> _What to work on_
Set down only the lines from the one containing "Read Kimi wa" through the final line of the entries below, exactly as they stand, with no pictures.

Saved entries:

__________

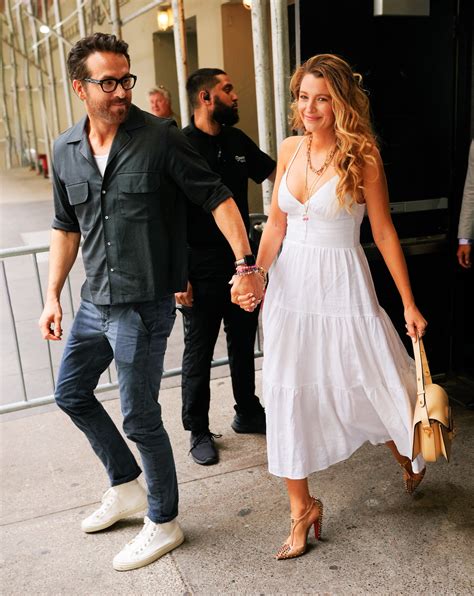 Blake Lively Wore a White Summer Dress to See Taylor Swift—Pics - Fashnfly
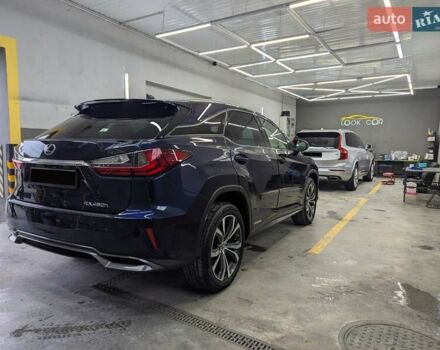 Синий Лексус РХ, объемом двигателя 3.5 л и пробегом 89 тыс. км за 43950 $, фото 2 на Automoto.ua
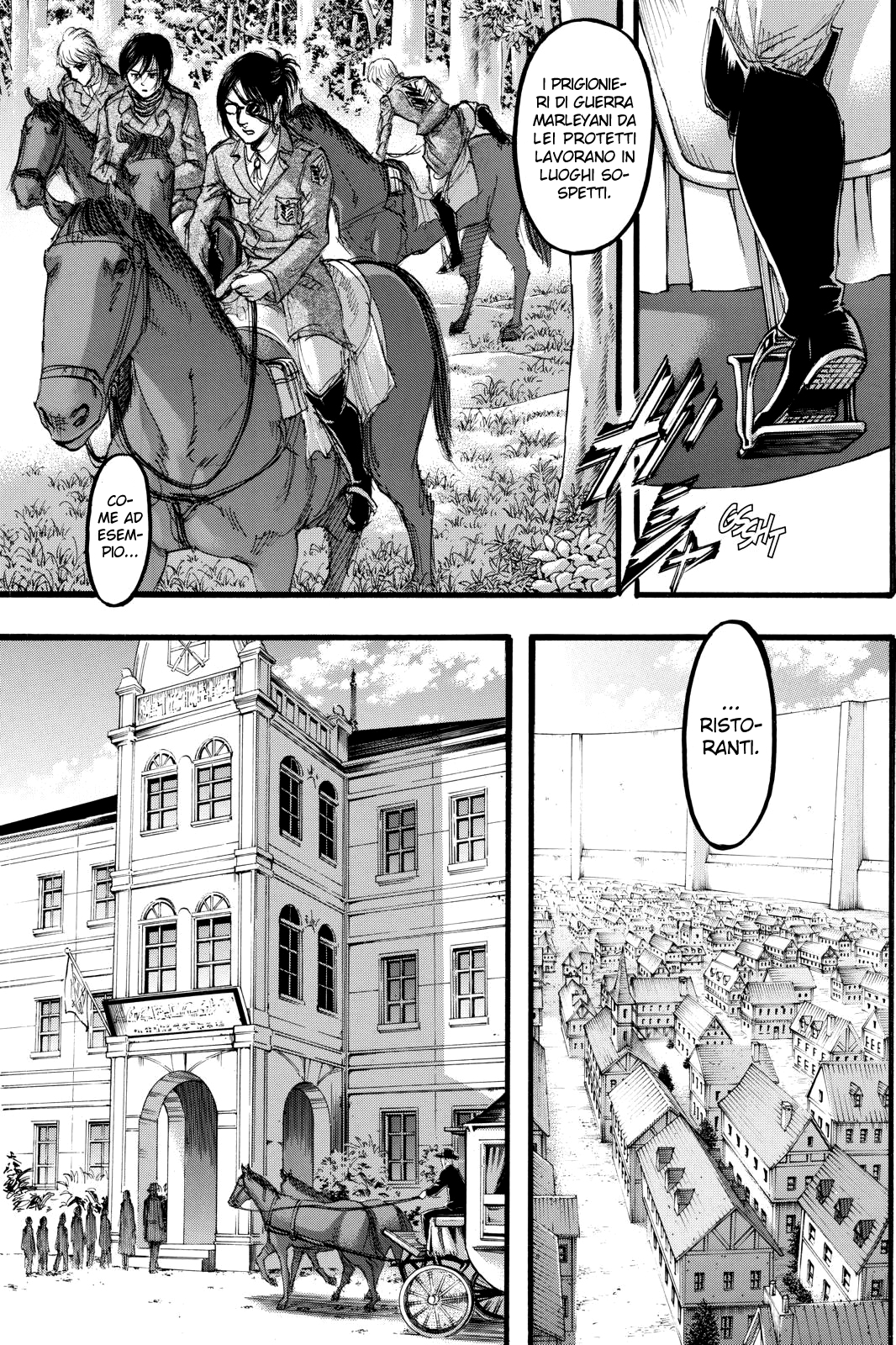 Read Shingeki no Kyojin (IT) Manga Online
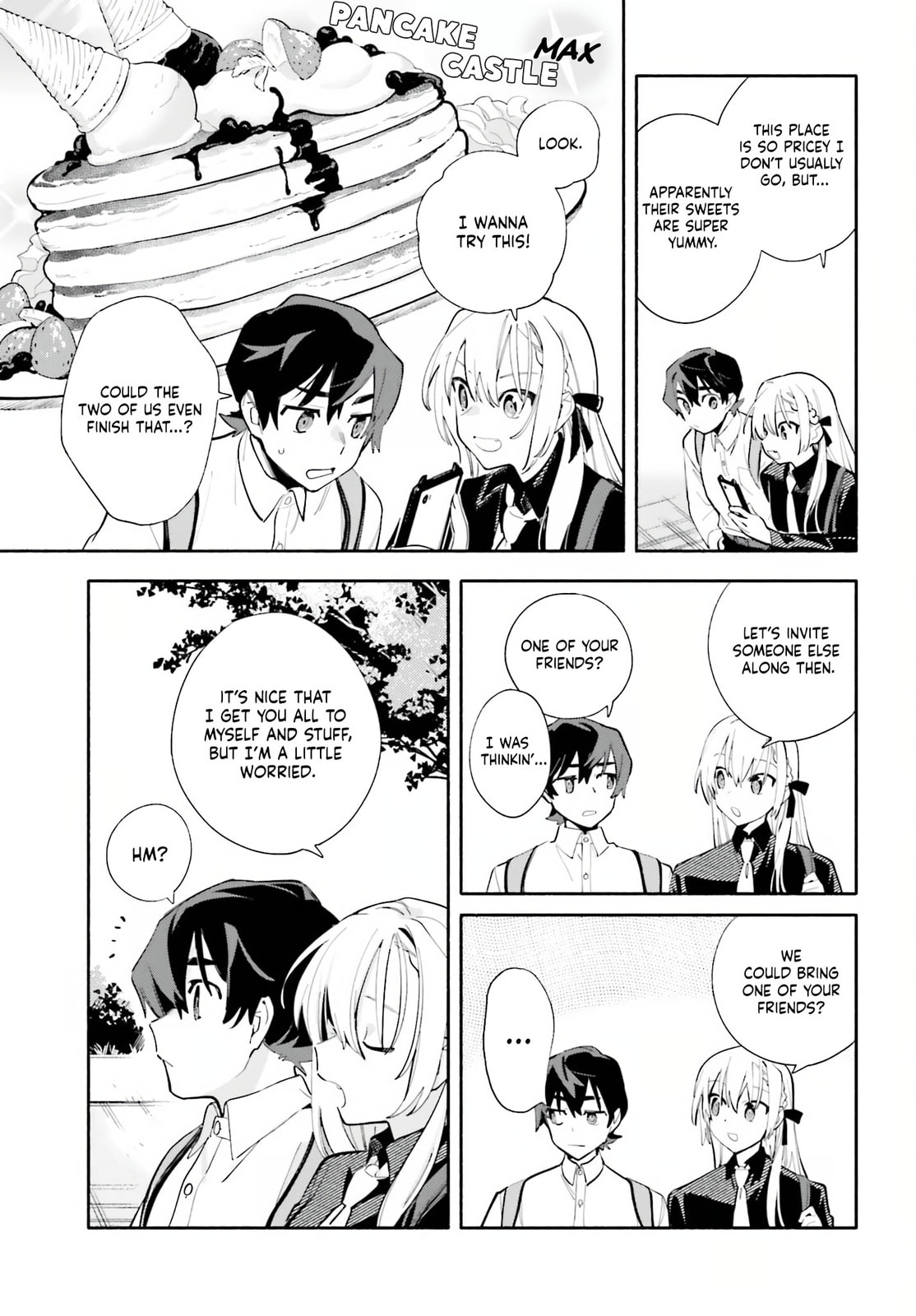 Read Kimi wa Shuumatsu chapter 6 image 8 on Lezhin
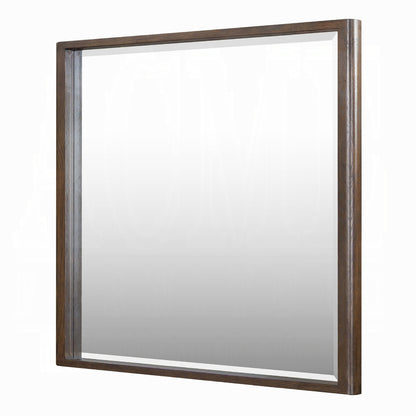 Zoey Mirror - Brown Oak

__________

> _Completed task_
 Read Kimi wa Shuumatsu chapter 6 image 8 on Lezhin
 Zoey Mirror - Brown Oak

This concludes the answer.